Simultaneous neutron and X-ray tomography for visualization of graphite electrode degradation in fast-charged lithium-ion batteries

Abstract

Advanced battery characterization using neutron and X-ray-based imaging modalities is crucial to reveal fundamental degradation modes of lithium-ion batteries (LIBs). Taking advantage of the sensitivity of neutrons to some low-Z (Li) and X-rays to high-Z materials (Cu), here we demonstrate the viability of simultaneous neutron- and X-ray-based tomography (NeXT) as a non-destructive imaging platform for ex situ 3D visualization of graphite electrode degradation following extreme fast charging (XFC). In addition, we underscore the benefits of the simultaneous nature of NeXT by combining the neutron and X-ray data from the same sample location for material identification and segmentation of one pristine and two XFC-cycled graphite electrodes (9C charge for 450 cycles).
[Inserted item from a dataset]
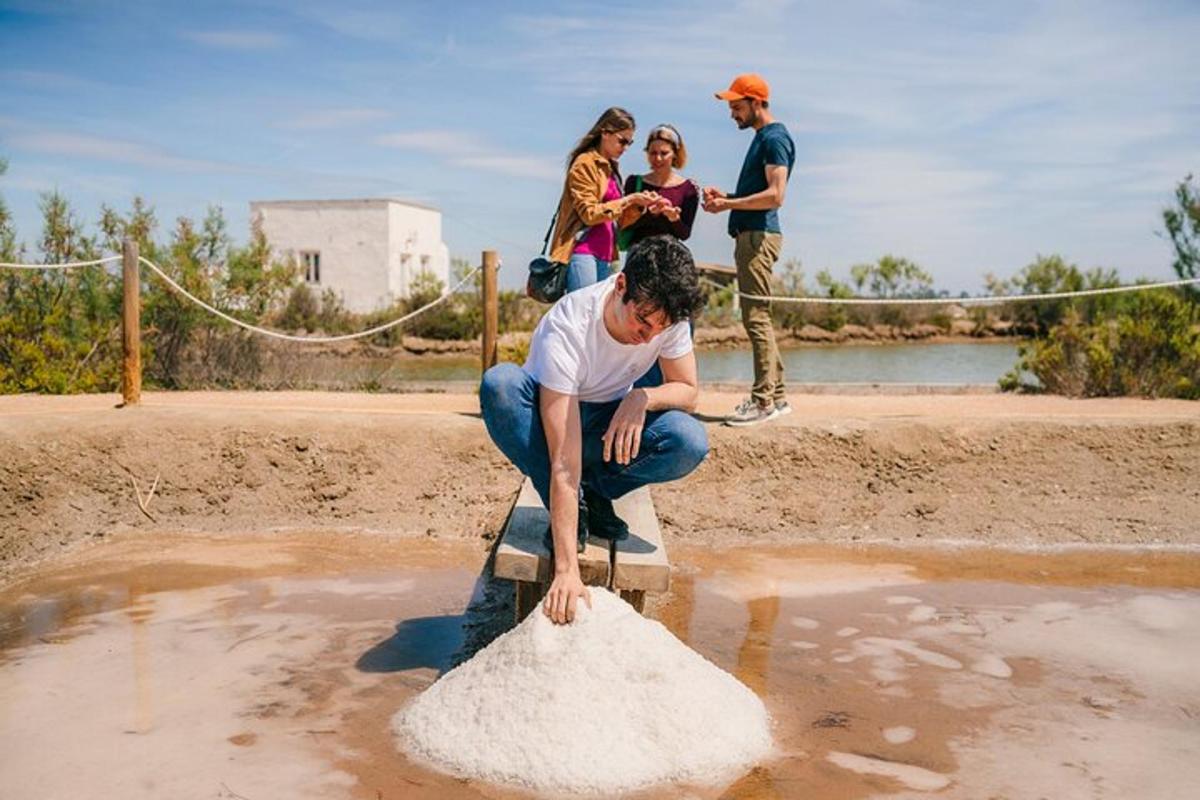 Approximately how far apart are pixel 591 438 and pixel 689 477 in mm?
2978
Our ex situ results and methodology development pave the way for the design of NeXT-friendly LIB geometries that will allow operando and/or in situ three-dimensional (3D) visualization of electrode degradation during XFC. • Simultaneous neutron and X-ray tomography (NeXT) is a non-invasive imaging method • NeXT enables visualization of graphite electrode degradation after fast charging • NeXT overlaps neutron and X-ray data from same sample area to identify materials • NeXT shows qualitative correlation between electrode degradation and plated Li Advanced battery characterization is critical to reveal fundamental degradation modes of lithium-ion batteries. Using the sensitivity of neutrons to lithium and X-rays to copper, Yusuf et al. demonstrate the viability of simultaneous neutron and X-ray tomography as a non-invasive imaging modality for visualization of graphite electrode degradation following fast charging.